Lors de leurs campagnes politiques, des partis politiques pourraient également s’exprimer en kurde. Les villages évacués seraient rendus à nouveau accessibles et le retour des Kurdes dans ces villages serait facilité ; des solutions seraient cherchées pour les « gardiens de villages ». Des chaînes privées pourraient émettre en Kurde. Des villes et des villages dont le nom a été modifié retrouveraient leur appellation d’antan.
Enfin, un programme d’investissements serait mis en œuvre pour rénover les régions et les villes appauvries.
Par contre, les opinions divergent radicalement sur deux points : le sort qui serait réservé à Öcalan et l’implication ou non du PKK dans les négociations.
Si l’on compare cette situation à celle d’il y a un an, c’est incontestablement un pas en avant.
… mais sera-t-il suivi d’autres ?
Les attentes sont énormes, tout particulièrement dans la population kurde. Il y a pourtant de grands obstacles.

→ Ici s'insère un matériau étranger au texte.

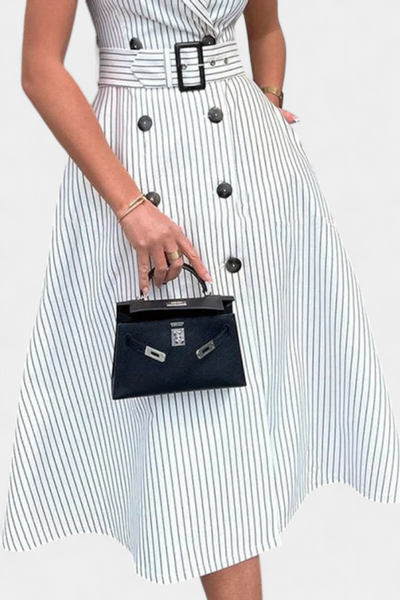 Diana Vestido Midi a Rayas con Cintura Ajustable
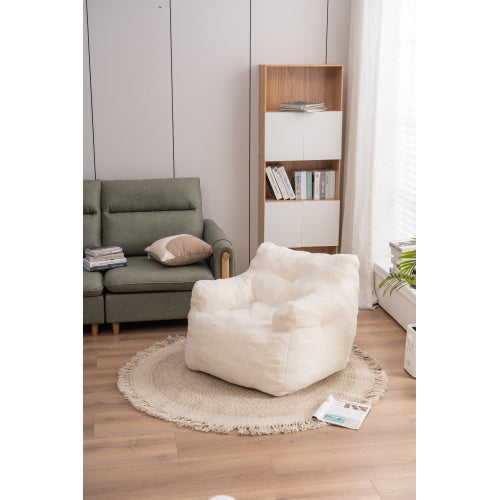 Soft Teddy Tufted Foam Bean Bag Chair, Ivory White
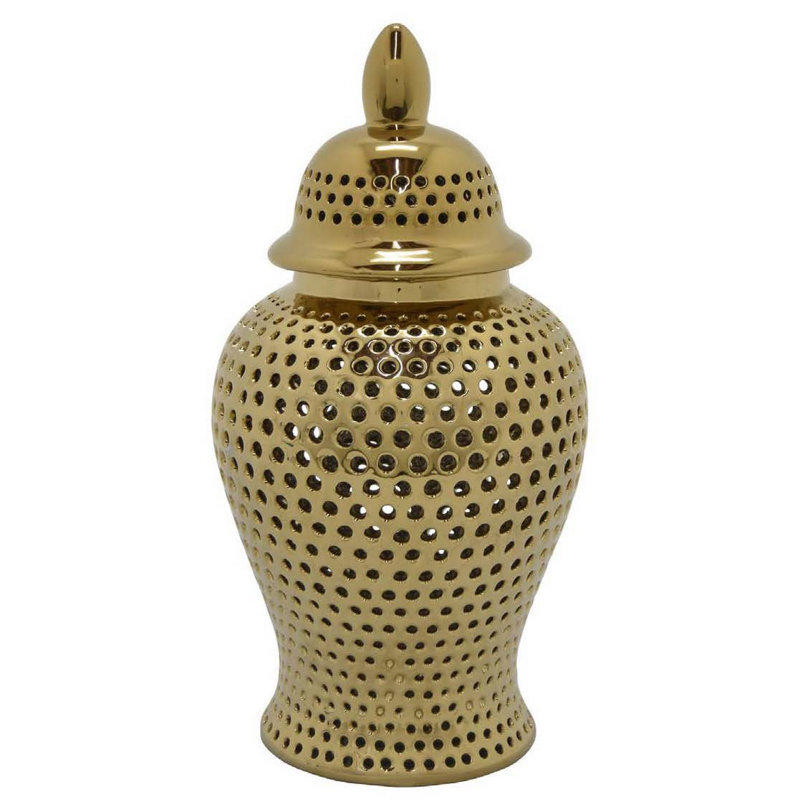 Pot en céramique Charito, H 24,5 po x l 12,25 po x P 12,25 po, Or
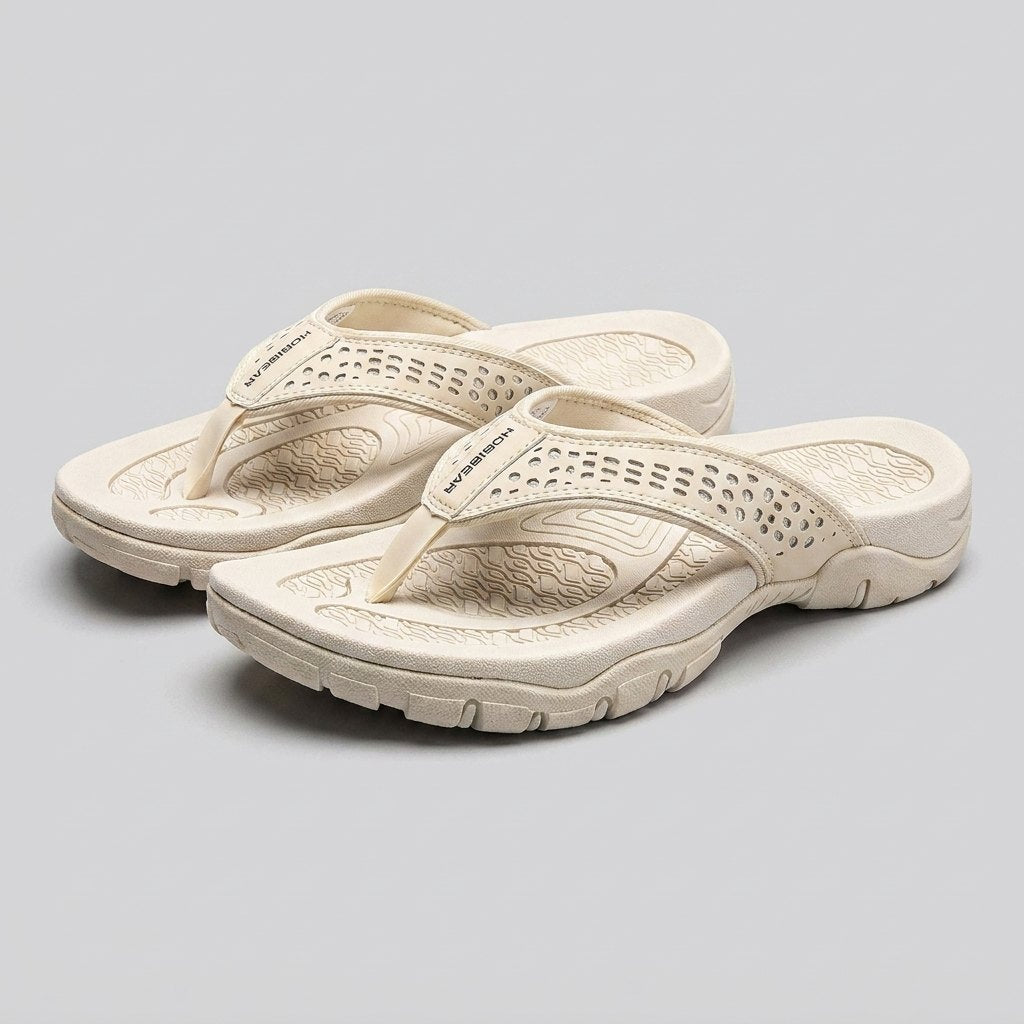 Maverick mens flip flops light cream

En vue de l’adhésion de la Turquie à l’Union Européenne, le gouvernement Erdogan veut faire passer certaines modifications dans la constitution rédigée par les militaires après le coup d’Etat de 1980. Pourtant, jusqu’à aujourd’hui, ces propositions se heurtent à une forte résistance. En outre, le gouvernement veut atteindre un consensus au parlement car, dans le cas contraire, il est fort possible que la Cour constitutionnelle torpille toute l’affaire.
La pièce peut encore tomber sur une face ou sur l’autre. En l’absence d’un parti des travailleurs, ce sont surtout les forces bourgeoises qui veulent arriver à un consensus pour renforcer le rôle de la Turquie dans un Moyen-Orient explosif et, en même temps, améliorer leur propre position concurrentielle. Cela peut paraître cynique, mais je pense que ceci est la réalité.
Pour ma part, je pense que la seule vraie solution aussi bien pour les Kurdes que pour les Turcs est à chercher dans le cadre d’un processus où les libertés individuelles et collectives sont garanties dans une nouvelle Constitution. La nécessité d’un parti de travailleurs se pose donc une nouvelle fois parce que c’est la seule garantie qu’une solution offrant de vraies perspectives voit le jour.
Le nationalisme – qu’il soit turc ou kurde – ne mène qu’à une impasse. Les débats de cet « été turc » chaud vont-ils mener à un « printemps kurde » ou au contraire à un automne triste ? La question reste posée. J’espère la première alternative mais je crains la dernière.